[Records from a dataset]

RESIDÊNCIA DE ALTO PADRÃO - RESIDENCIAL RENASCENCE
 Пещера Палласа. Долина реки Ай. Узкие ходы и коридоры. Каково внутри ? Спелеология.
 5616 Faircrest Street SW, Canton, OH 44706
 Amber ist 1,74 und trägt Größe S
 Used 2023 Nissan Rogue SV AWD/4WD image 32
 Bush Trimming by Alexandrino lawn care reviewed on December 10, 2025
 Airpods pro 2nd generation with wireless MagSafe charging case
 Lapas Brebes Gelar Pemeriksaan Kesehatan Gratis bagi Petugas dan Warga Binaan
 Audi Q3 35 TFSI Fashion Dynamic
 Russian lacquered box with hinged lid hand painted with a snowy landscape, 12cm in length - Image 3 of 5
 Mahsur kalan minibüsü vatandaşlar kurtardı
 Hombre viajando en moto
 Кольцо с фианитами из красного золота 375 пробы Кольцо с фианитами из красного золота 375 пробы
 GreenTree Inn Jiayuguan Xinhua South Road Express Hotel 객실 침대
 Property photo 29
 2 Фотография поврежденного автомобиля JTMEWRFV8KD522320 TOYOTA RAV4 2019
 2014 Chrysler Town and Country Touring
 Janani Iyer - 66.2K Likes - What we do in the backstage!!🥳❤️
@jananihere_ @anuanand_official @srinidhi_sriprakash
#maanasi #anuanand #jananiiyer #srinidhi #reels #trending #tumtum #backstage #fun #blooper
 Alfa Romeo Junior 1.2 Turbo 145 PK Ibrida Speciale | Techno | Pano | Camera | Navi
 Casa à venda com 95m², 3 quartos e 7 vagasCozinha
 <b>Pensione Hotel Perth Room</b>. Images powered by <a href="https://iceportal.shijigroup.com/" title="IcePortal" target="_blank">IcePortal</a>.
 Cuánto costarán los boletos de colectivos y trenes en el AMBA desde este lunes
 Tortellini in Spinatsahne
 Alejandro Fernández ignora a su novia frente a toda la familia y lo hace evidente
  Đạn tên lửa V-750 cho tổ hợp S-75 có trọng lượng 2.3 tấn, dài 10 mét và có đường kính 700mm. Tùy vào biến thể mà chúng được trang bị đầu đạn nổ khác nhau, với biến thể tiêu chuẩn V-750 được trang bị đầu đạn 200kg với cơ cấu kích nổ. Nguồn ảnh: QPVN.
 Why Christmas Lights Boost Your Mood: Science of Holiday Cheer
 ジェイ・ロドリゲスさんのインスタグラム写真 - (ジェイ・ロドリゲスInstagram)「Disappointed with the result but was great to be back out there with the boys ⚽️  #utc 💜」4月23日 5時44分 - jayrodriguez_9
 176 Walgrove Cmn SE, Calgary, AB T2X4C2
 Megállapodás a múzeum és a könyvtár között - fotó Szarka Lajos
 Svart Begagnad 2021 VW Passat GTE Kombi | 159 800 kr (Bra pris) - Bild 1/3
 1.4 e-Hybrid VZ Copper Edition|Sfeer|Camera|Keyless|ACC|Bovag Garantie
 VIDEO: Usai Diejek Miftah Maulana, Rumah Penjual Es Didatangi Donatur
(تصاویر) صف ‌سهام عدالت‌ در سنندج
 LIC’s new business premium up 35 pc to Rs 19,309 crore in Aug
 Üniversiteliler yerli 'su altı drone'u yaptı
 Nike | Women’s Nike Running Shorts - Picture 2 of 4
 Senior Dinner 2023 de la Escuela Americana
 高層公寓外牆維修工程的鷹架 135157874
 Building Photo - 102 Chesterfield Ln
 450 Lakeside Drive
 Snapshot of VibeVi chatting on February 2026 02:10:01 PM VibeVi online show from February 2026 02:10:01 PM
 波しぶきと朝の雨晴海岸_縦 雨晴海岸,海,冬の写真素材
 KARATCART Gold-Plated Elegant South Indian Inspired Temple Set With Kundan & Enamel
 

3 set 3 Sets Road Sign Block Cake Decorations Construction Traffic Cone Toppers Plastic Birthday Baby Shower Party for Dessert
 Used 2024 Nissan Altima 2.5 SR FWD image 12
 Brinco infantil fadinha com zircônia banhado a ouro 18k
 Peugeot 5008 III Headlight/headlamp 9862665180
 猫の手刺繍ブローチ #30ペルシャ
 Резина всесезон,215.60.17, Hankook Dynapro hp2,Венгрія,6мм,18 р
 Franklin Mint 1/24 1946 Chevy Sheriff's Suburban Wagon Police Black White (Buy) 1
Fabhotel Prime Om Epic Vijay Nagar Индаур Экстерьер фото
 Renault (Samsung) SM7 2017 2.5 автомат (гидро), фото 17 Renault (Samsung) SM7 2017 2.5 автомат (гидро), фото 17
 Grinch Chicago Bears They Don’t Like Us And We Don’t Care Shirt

REQUIREMENT |
Each line of the records should be repeated exactly as it stands.

TASK OUTPUT |
RESIDÊNCIA DE ALTO PADRÃO - RESIDENCIAL RENASCENCE
 Пещера Палласа. Долина реки Ай. Узкие ходы и коридоры. Каково внутри ? Спелеология.
 5616 Faircrest Street SW, Canton, OH 44706
 Amber ist 1,74 und trägt Größe S
 Used 2023 Nissan Rogue SV AWD/4WD image 32
 Bush Trimming by Alexandrino lawn care reviewed on December 10, 2025
 Airpods pro 2nd generation with wireless MagSafe charging case
 Lapas Brebes Gelar Pemeriksaan Kesehatan Gratis bagi Petugas dan Warga Binaan
 Audi Q3 35 TFSI Fashion Dynamic
 Russian lacquered box with hinged lid hand painted with a snowy landscape, 12cm in length - Image 3 of 5
 Mahsur kalan minibüsü vatandaşlar kurtardı
 Hombre viajando en moto
 Кольцо с фианитами из красного золота 375 пробы Кольцо с фианитами из красного золота 375 пробы
 GreenTree Inn Jiayuguan Xinhua South Road Express Hotel 객실 침대
 Property photo 29
 2 Фотография поврежденного автомобиля JTMEWRFV8KD522320 TOYOTA RAV4 2019
 2014 Chrysler Town and Country Touring
 Janani Iyer - 66.2K Likes - What we do in the backstage!!🥳❤️
@jananihere_ @anuanand_official @srinidhi_sriprakash
#maanasi #anuanand #jananiiyer #srinidhi #reels #trending #tumtum #backstage #fun #blooper
 Alfa Romeo Junior 1.2 Turbo 145 PK Ibrida Speciale | Techno | Pano | Camera | Navi
 Casa à venda com 95m², 3 quartos e 7 vagasCozinha
 <b>Pensione Hotel Perth Room</b>. Images powered by <a href="https://iceportal.shijigroup.com/" title="IcePortal" target="_blank">IcePortal</a>.
 Cuánto costarán los boletos de colectivos y trenes en el AMBA desde este lunes
 Tortellini in Spinatsahne
 Alejandro Fernández ignora a su novia frente a toda la familia y lo hace evidente
  Đạn tên lửa V-750 cho tổ hợp S-75 có trọng lượng 2.3 tấn, dài 10 mét và có đường kính 700mm. Tùy vào biến thể mà chúng được trang bị đầu đạn nổ khác nhau, với biến thể tiêu chuẩn V-750 được trang bị đầu đạn 200kg với cơ cấu kích nổ. Nguồn ảnh: QPVN.
 Why Christmas Lights Boost Your Mood: Science of Holiday Cheer
 ジェイ・ロドリゲスさんのインスタグラム写真 - (ジェイ・ロドリゲスInstagram)「Disappointed with the result but was great to be back out there with the boys ⚽️  #utc 💜」4月23日 5時44分 - jayrodriguez_9
 176 Walgrove Cmn SE, Calgary, AB T2X4C2
 Megállapodás a múzeum és a könyvtár között - fotó Szarka Lajos
 Svart Begagnad 2021 VW Passat GTE Kombi | 159 800 kr (Bra pris) - Bild 1/3
 1.4 e-Hybrid VZ Copper Edition|Sfeer|Camera|Keyless|ACC|Bovag Garantie
 VIDEO: Usai Diejek Miftah Maulana, Rumah Penjual Es Didatangi Donatur
(تصاویر) صف ‌سهام عدالت‌ در سنندج
 LIC’s new business premium up 35 pc to Rs 19,309 crore in Aug
 Üniversiteliler yerli 'su altı drone'u yaptı
 Nike | Women’s Nike Running Shorts - Picture 2 of 4
 Senior Dinner 2023 de la Escuela Americana
 高層公寓外牆維修工程的鷹架 135157874
 Building Photo - 102 Chesterfield Ln
 450 Lakeside Drive
 Snapshot of VibeVi chatting on February 2026 02:10:01 PM VibeVi online show from February 2026 02:10:01 PM
 波しぶきと朝の雨晴海岸_縦 雨晴海岸,海,冬の写真素材
 KARATCART Gold-Plated Elegant South Indian Inspired Temple Set With Kundan & Enamel
 

3 set 3 Sets Road Sign Block Cake Decorations Construction Traffic Cone Toppers Plastic Birthday Baby Shower Party for Dessert
 Used 2024 Nissan Altima 2.5 SR FWD image 12
 Brinco infantil fadinha com zircônia banhado a ouro 18k
 Peugeot 5008 III Headlight/headlamp 9862665180
 猫の手刺繍ブローチ #30ペルシャ
 Резина всесезон,215.60.17, Hankook Dynapro hp2,Венгрія,6мм,18 р
 Franklin Mint 1/24 1946 Chevy Sheriff's Suburban Wagon Police Black White (Buy) 1
Fabhotel Prime Om Epic Vijay Nagar Индаур Экстерьер фото
 Renault (Samsung) SM7 2017 2.5 автомат (гидро), фото 17 Renault (Samsung) SM7 2017 2.5 автомат (гидро), фото 17
 Grinch Chicago Bears They Don’t Like Us And We Don’t Care Shirt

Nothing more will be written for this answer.